After a promising, attention-grabbing initial heist sequence, Trance begins to rapidly, fatally stretch its own thin plausibility, with a queasy combination of outrageous twists, tonal missteps and head-thumping dialogue: it snaps entirely somewhere around the 45 minute mark, but the film just keeps accelerating, its own severed credibility flapping around behind it like a rubber scarf as Boyle sprints excitably for the hills without looking back, eager to show you the next bizarre thing he’s come up with before you can get your bearings and, crucially, figure out why you should actually care.

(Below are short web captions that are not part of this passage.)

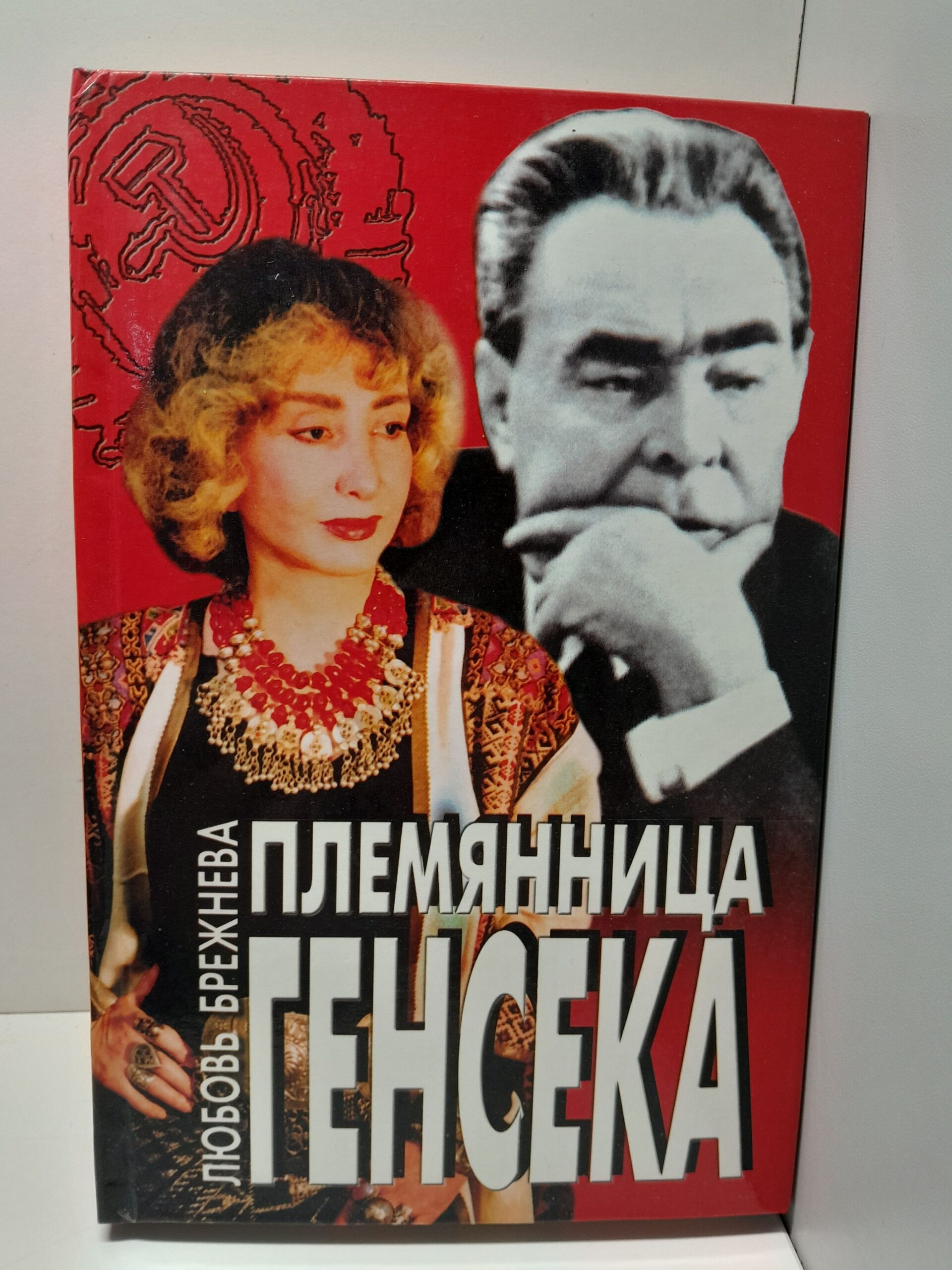 Племянница генсека / Брежнева Любовь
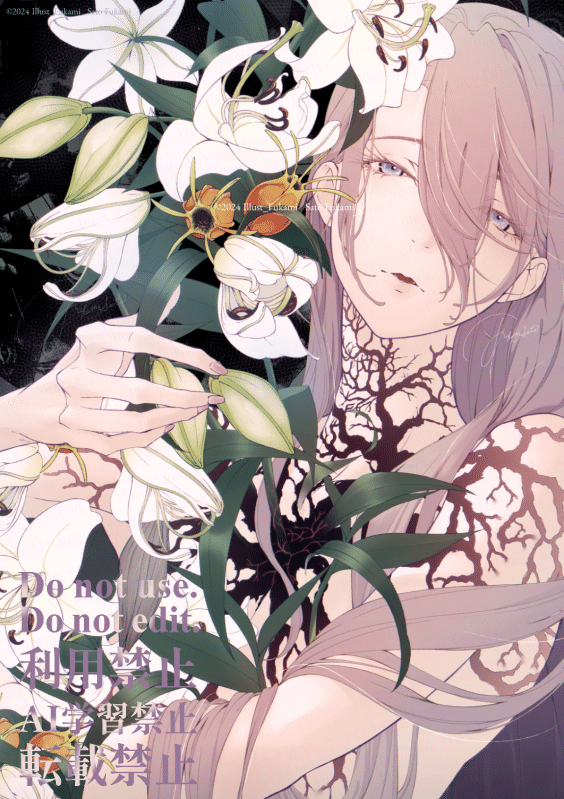 限定公開!! ラフ＆タイムラプス｜深海 怜 ／ 寺谷 まさとみ 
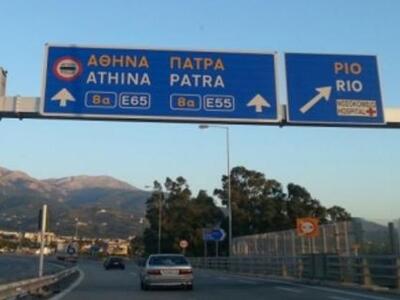 Αχαϊα: Το..γιγάντιο εργοτάξιο της Ολυμπί...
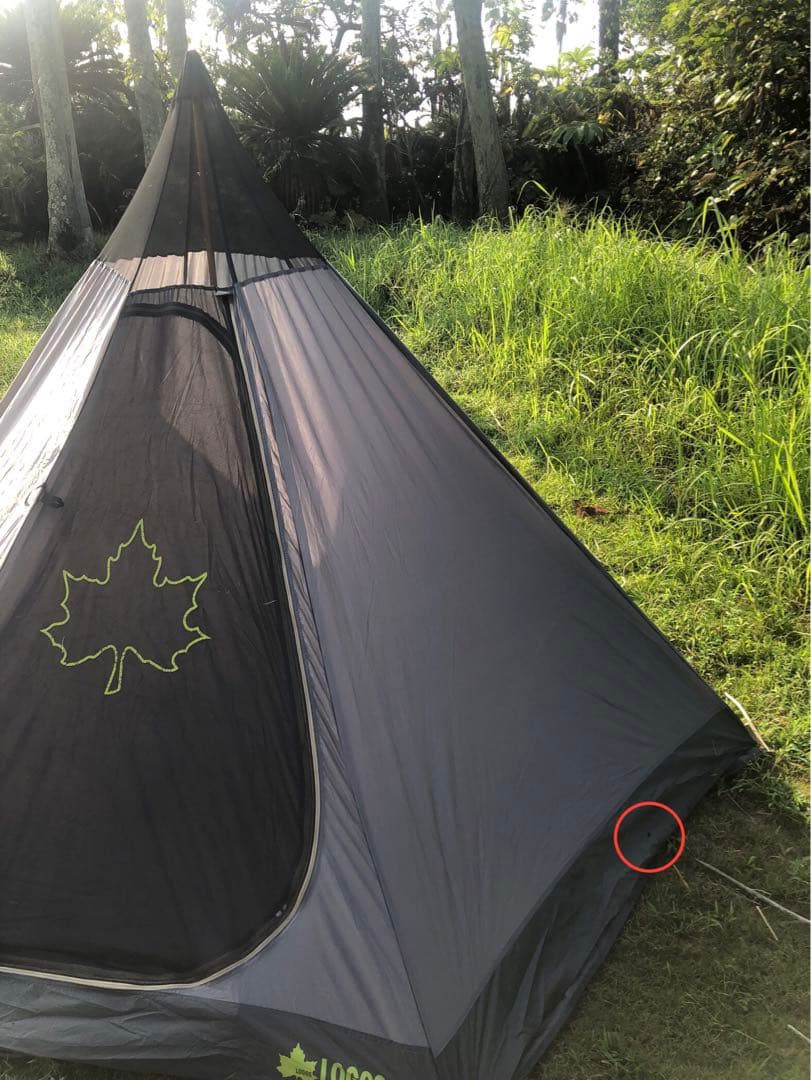 logos ロゴス　ナバホ　tepee300 【穴あきあり】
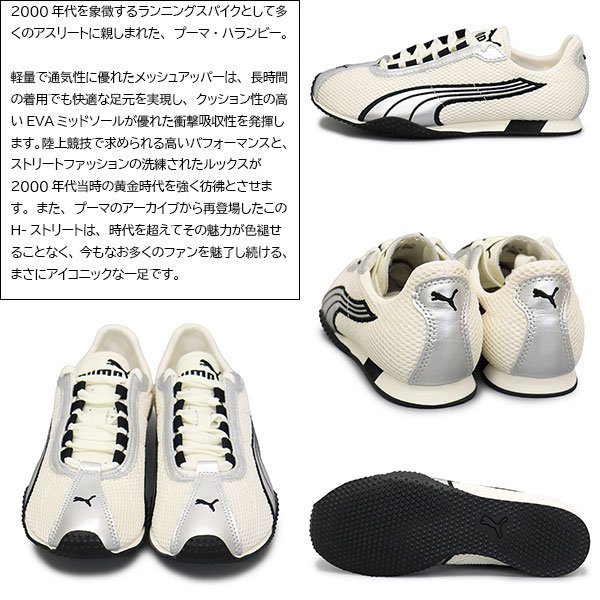 puma(プーマ)正規取扱店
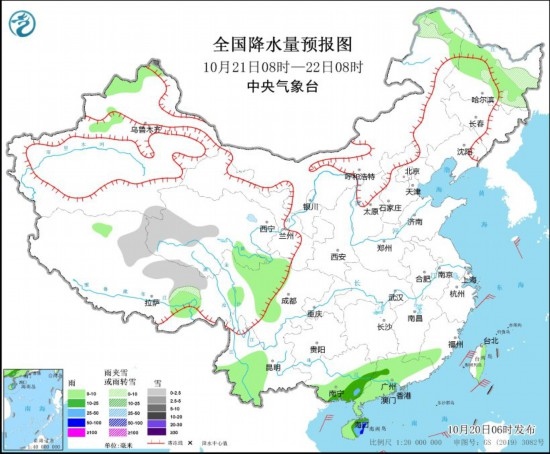  全國降水量預(yù)報圖(10月21日08時-22日08時)。圖源：中央氣象臺網(wǎng)站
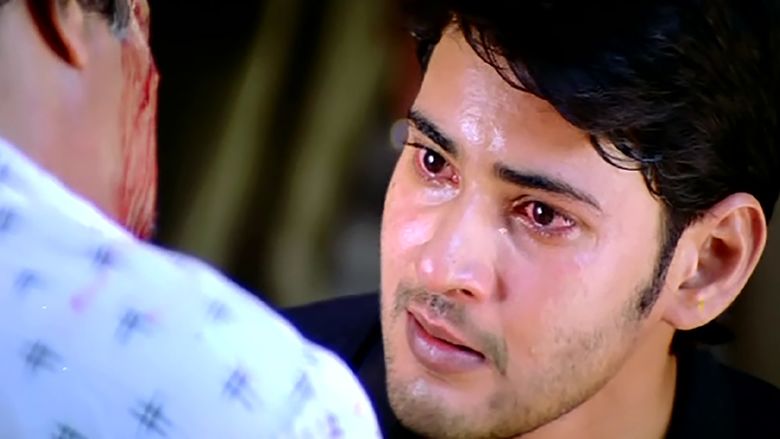 Pokiri movie scenes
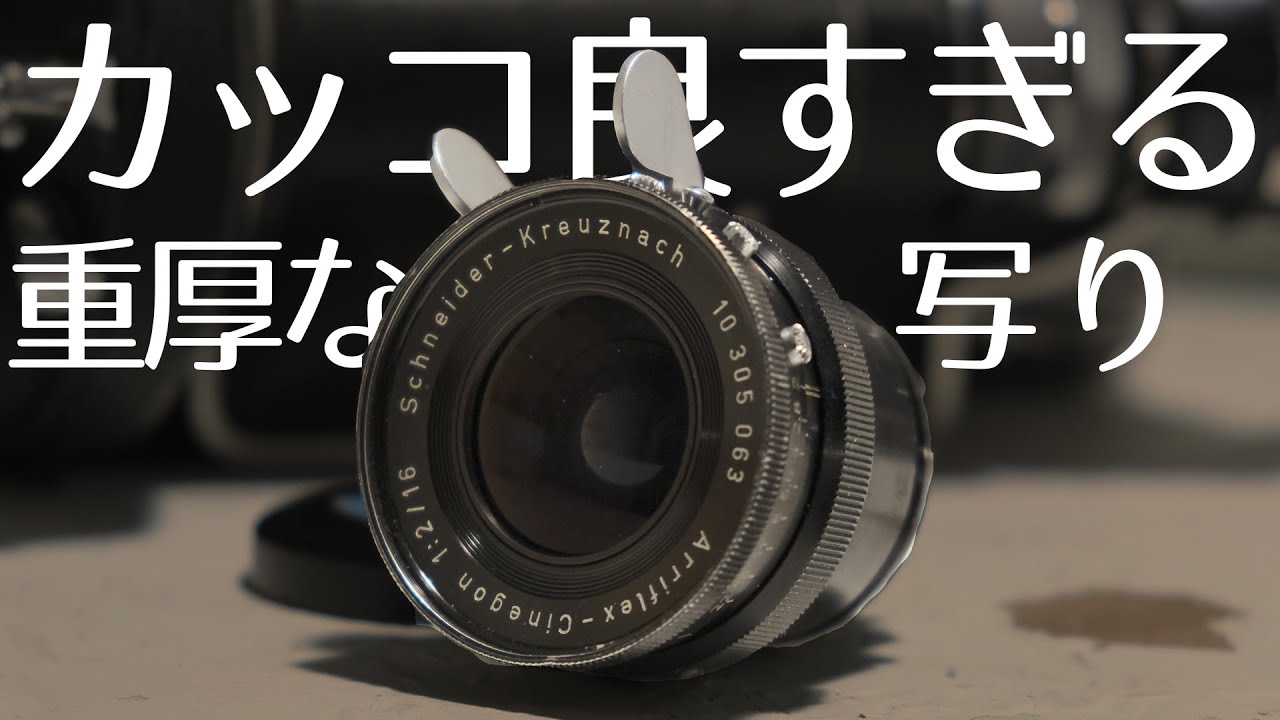 【16mm F2 作例】シネレンズ シュナイダー・クロイツナッハの紹介 | BMPCC,Lumix GH5,GH4,OLYMPUS OM-D, Pen,Eos M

It’s obvious when you’re supposed to care, as big moments are thuddingly signposted by an intrusive, ear-splittingly loud score from Underworld’s Rick Smith – another Olympics collaborator who was clearly pouring his creative energies in one direction last year – but it just serves as another barrier to any kind of emotional investment from the viewer, and a third act attempt to take the story into darker emotional territory feels completely unearned. If you just want to see a load of crazy stuff happening, however, then you’ll definitely be placated by what Trance has to offer. Impressively nasty CGI gore! A depiction of sexual assault soundtracked by M People! Egregious use of iPads! A key plot point based around the pubic topiary of a lead character! There is quite literally something for everyone here, if everyone you know is a glue-sniffing 15-year-old. It just serves to demonstrate that there are two distinct variations of ‘WTF’ moments, one that is roughly analogous to the difference between the word ‘incredible’ and the words ‘not credible’. The things is, as annoying as I found Trance, I can’t quite bring myself to tell you that you shouldn’t see it. It is, for all its faults, unlike anything else you will see at the cinema for a while, and ultimately has to be admired for taking as many risks as it does. It’s certainly never boring, and while it’s a shame that Boyle swings and misses nearly 100 per cent of the time here, hey: at least he’s swinging, which is more than can be said for most mainstream filmmakers. Trance definitely feels like a misfire for all concerned, though, and its script and relentless mistaking of formal tricksiness for depth isn’t easy to overlook, even as the piece of flashy nonsense it so clearly is. Like the tortured memories of its amnesiac hero, Trance is, sadly, probably just best forgotten. It’s still better than the closing ceremony though.
Trance opens on the 27th March in the UK.